# I have A Dell Poweredge.



## pinghq (Dec 1, 2009)

I am sitting on a Dell PowerEdge 1900. And am in need of a video card that will play new games. any one know of something that will go on this Motherboard. NO PCI-e

OS: XP SP3 
Motherboard : Dell PowerEdge 1900
Motherboard  Chip set: Intel Blackford 5000P
System memory : 3328 MB  (DDR2-667 Fully Buffered ECC DDR2 SDRAM)
Cpu Type:    2x DualCore Intel Xeon 5160, 3000 MHz (9 x 333)

more info:
      DMI Motherboard Manufacturer............         Dell Inc.
      DMI Motherboard Product..............       0NF911
      DMI Motherboard Version ...................                A01
      DMI Chassis Manufacturer..............           Dell Inc.                          
      DMI Chassis Serial Number  ....................             8WNB9C1


----------



## smiler3k (Dec 1, 2009)

Forget it that is a server machine and has no video upgradeability


----------



## pinghq (Dec 1, 2009)

*But I have gone this far...*

This lets me play and watch stuff. When i first Started using this Server Video was disabled and so was sound now its my day comp. So if  anyone out there still believes in this Server please help me out. 

Display:
      Video Adapter                                     NVIDIA GeForce FX 5200  (Microsoft Corporation)  (128 MB)
      3D Accelerator                                    nVIDIA GeForce FX 5200
      Monitor                                           Dell 2405FPW (Analog)  [24" LCD]  (T613358N2NGS)


----------



## smiler3k (Dec 1, 2009)

Just a quick thought it does have a pci-e x8 slot so you might be able to use that


----------



## pinghq (Dec 1, 2009)

pci-e x8 is both pci and pci-e?


----------



## smiler3k (Dec 1, 2009)

No pci-e comes in x1, x2 ,x4 ,x8 ,x12 and x16 types.
you have 2 choices, if your x8 slot has an open end it will physically accept a pci-e x16 card but work at x8 speed (still much faster than pci or agp) or get a x8 graphics card wich may be hard to find but i do believe theyre about.
Check out this link it tells you all about your machine http://support.dell.com/support/edocs/systems/pe1900/en/hom/html/install.htm


----------



## pinghq (Dec 1, 2009)

So Big one under small black ones right?


----------



## pinghq (Dec 1, 2009)

Nvm looks like one of the small black ones are it but will a pci express card fit?


----------



## pinghq (Dec 1, 2009)

Cool i see I found a card with PCIe 1x too lol. Thanks alot.


----------



## smiler3k (Dec 1, 2009)

You found a graphics card to fit in a x1 slot?


----------



## pinghq (Dec 1, 2009)

*Any good one know of good ones I can Buy?*

Not sure where to begin to find a  decent one. ?


----------



## pinghq (Dec 1, 2009)

smiler3k said:


> You found a graphics card to fit in a x1 slot?

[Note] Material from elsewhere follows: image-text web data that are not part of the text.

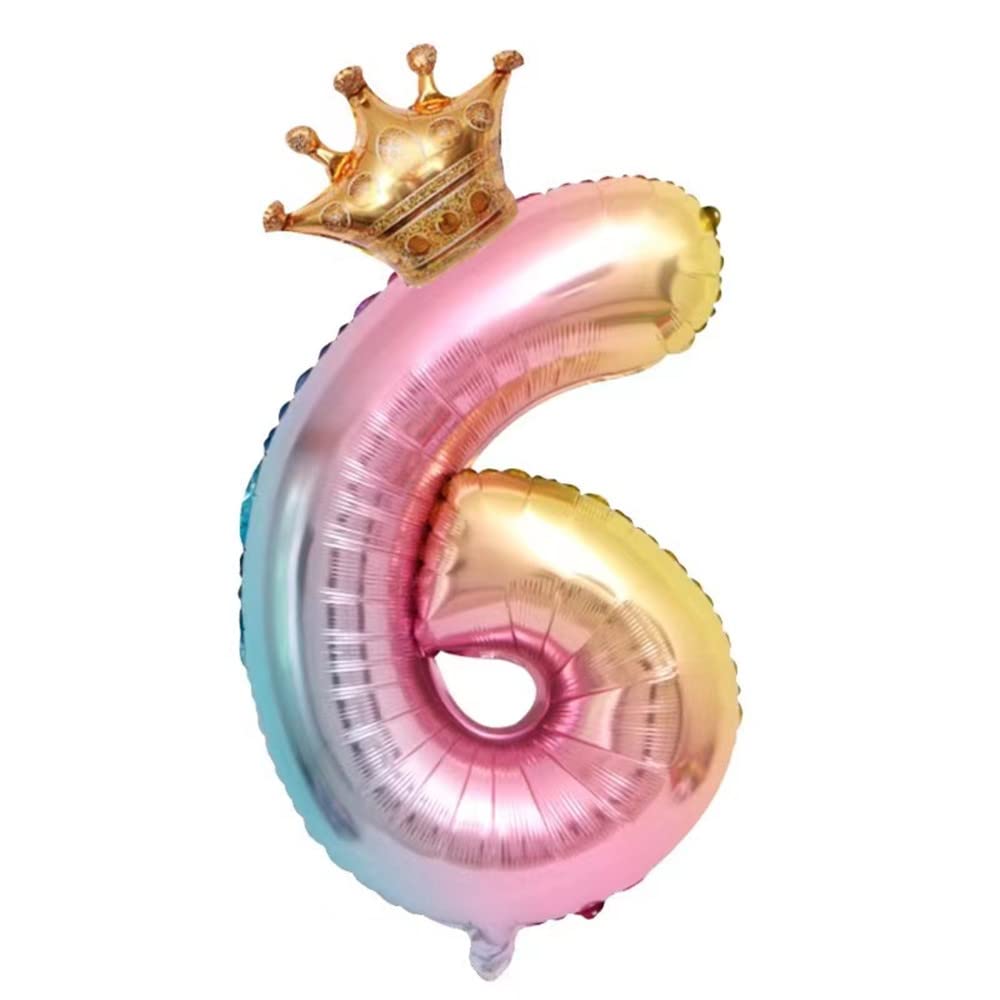 32 Inch Rainbow Gradient Number 6 Crown Balloons Set - 6th Birthday Party Decorations for Kids, Girls & Boys - Perfect for Birthday Celebrations, Photo Backdrops and Party Room Decor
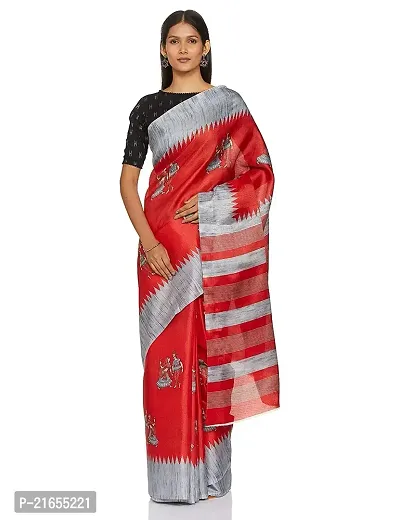 Spacekart Women?s Khadi Silk Saree With Unstitched Blouse Piece (Red) (Design 1)-thumb4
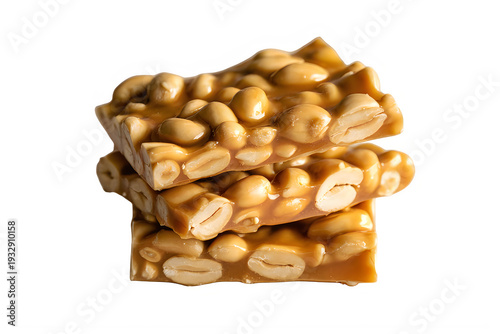 Stack of peanut brittle candy bars isolated on a transparent background snack sweet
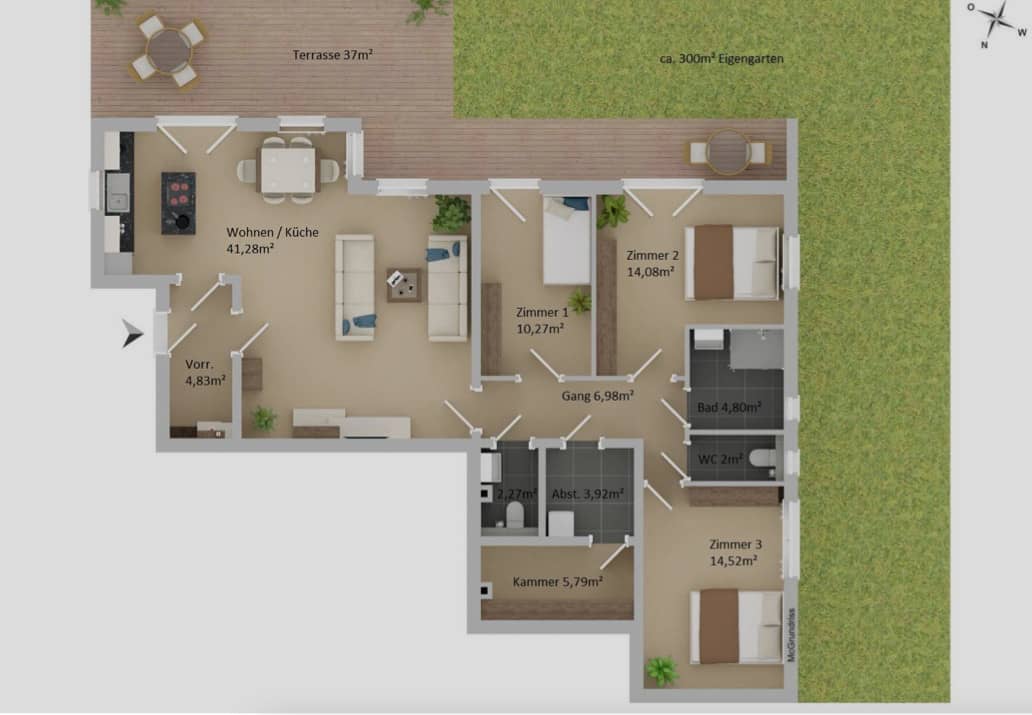 Wohnung mit Eigengarten und Erstbezug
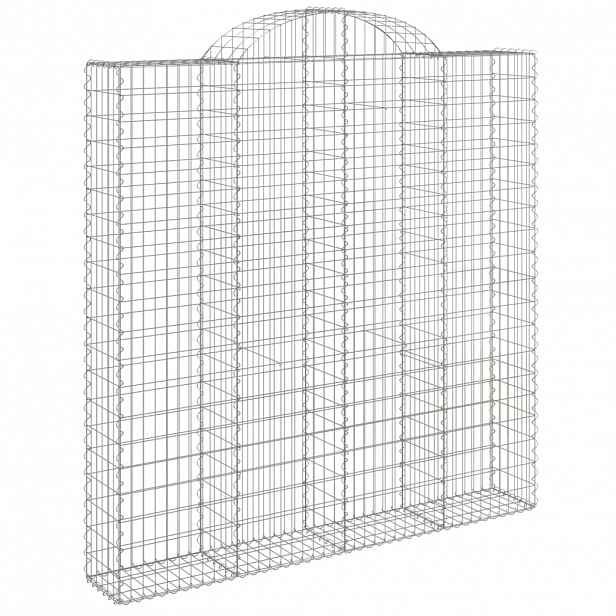 vidaXL Klenutý gabionový koš 200 x 30 x 200/220 cm pozinkované železo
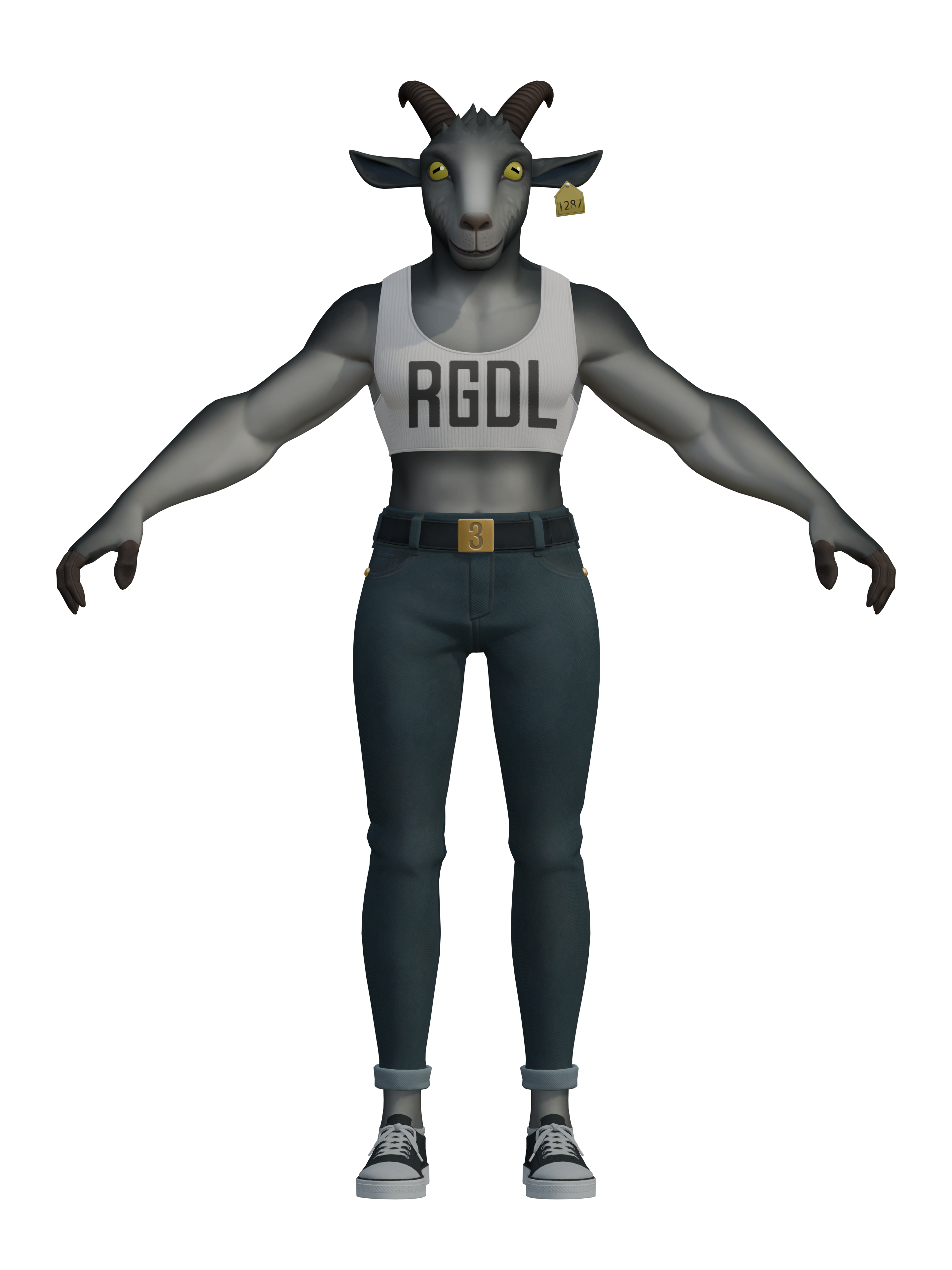 Una cabra, render 4K transparente
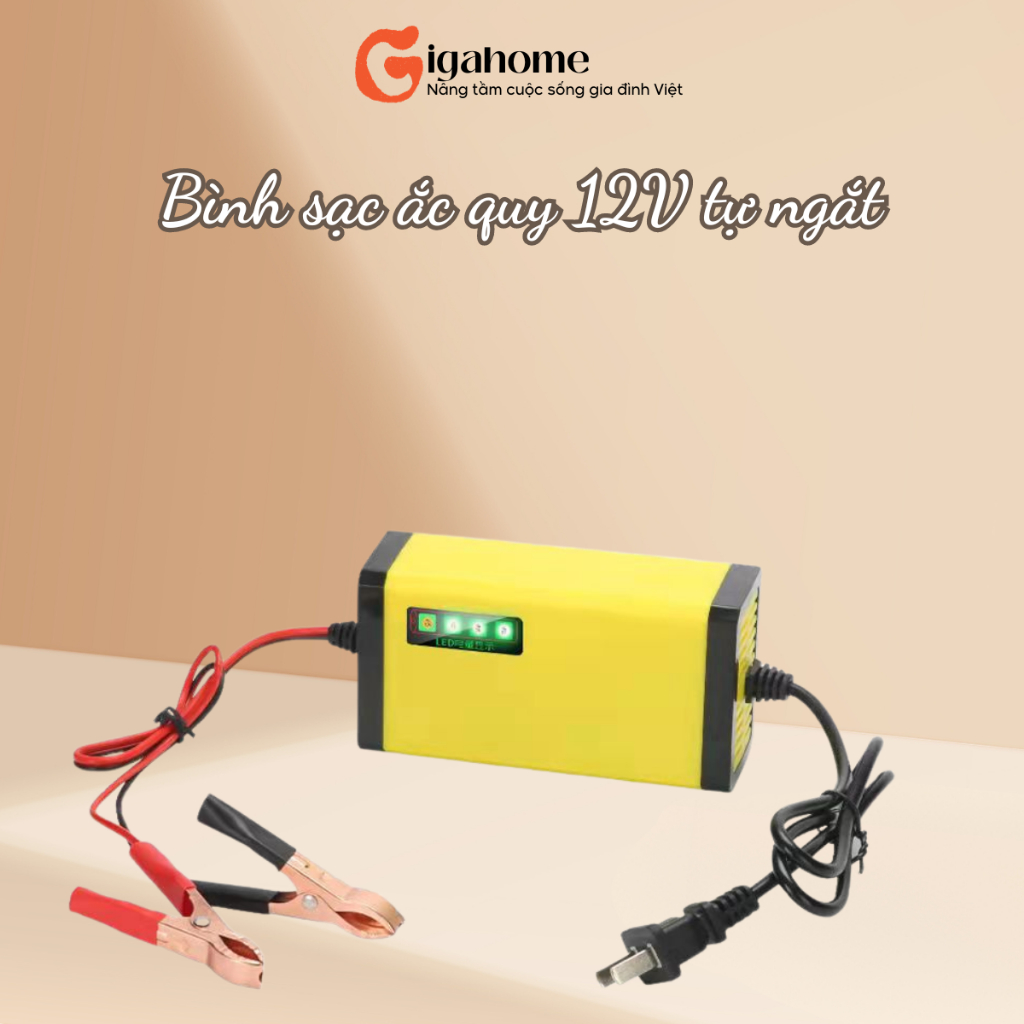 Bộ Sạc Ắc Quy Thông Minh GIGAHOMEVN Sạc Xe Máy, Xe Điện 12V Tự Ngắt 5836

http://www.tigerdirect.com/applications/SearchTools/item-details.asp?EdpNo=2484224&CatId=3594

I think this is a card...


----------



## pinghq (Dec 1, 2009)

http://www.orbitmicro.com/global/arc1-08x16-x8-p-8226.html?ref=base

Will this work for me?


----------



## crazy pyro (Dec 1, 2009)

That would work but it's a workstation card which would give you crap performance.
Please stop double posting, there's an edit button for a reason.
The adapter should do the job if the case is large enough, you also need to bear in mind that the x8 slot will limit the bandwidth for the card.


----------



## smiler3k (Dec 1, 2009)

That card on tigerdirect should work but you need to make sure it has vga or dvi connections or you wont be able to connect your monitor and as for the x8 - x16 converter it most likely will work but will make the card slightly larger than standard.


----------



## smiler3k (Dec 1, 2009)

Check this out http://www.directron.com/h435f512ep.html


----------



## Beertintedgoggles (Dec 1, 2009)

You could always cut out the end of one of those pcie slots to accept an 16x card.  I did that in a Poweredge 2950 server that only had a 4x slot.... worked fine with the 9800GT I fit in there to fold 24/7.


----------



## insane 360 (Dec 3, 2009)

so you know, that 2400 will just barely let you game...so if you get it, just be prepared to play at 800x600 or at most 1024x768

the x8 slot should work just fine for x16 (at least i thought its physically the same slot) it would just run at x8 

then you could get a 4670 from ati and you would be good for some moderate gaming without spending too much


----------



## pinghq (Dec 3, 2009)

Sweet thx.


----------



## davide (Apr 19, 2015)

hi all,
you've been a kind of guide! i found a cheap dell poweredge 1900 and i tried to upgrade the graphic card... everybody say "dude, it's impossible" or "just an old low profile"... but i did it!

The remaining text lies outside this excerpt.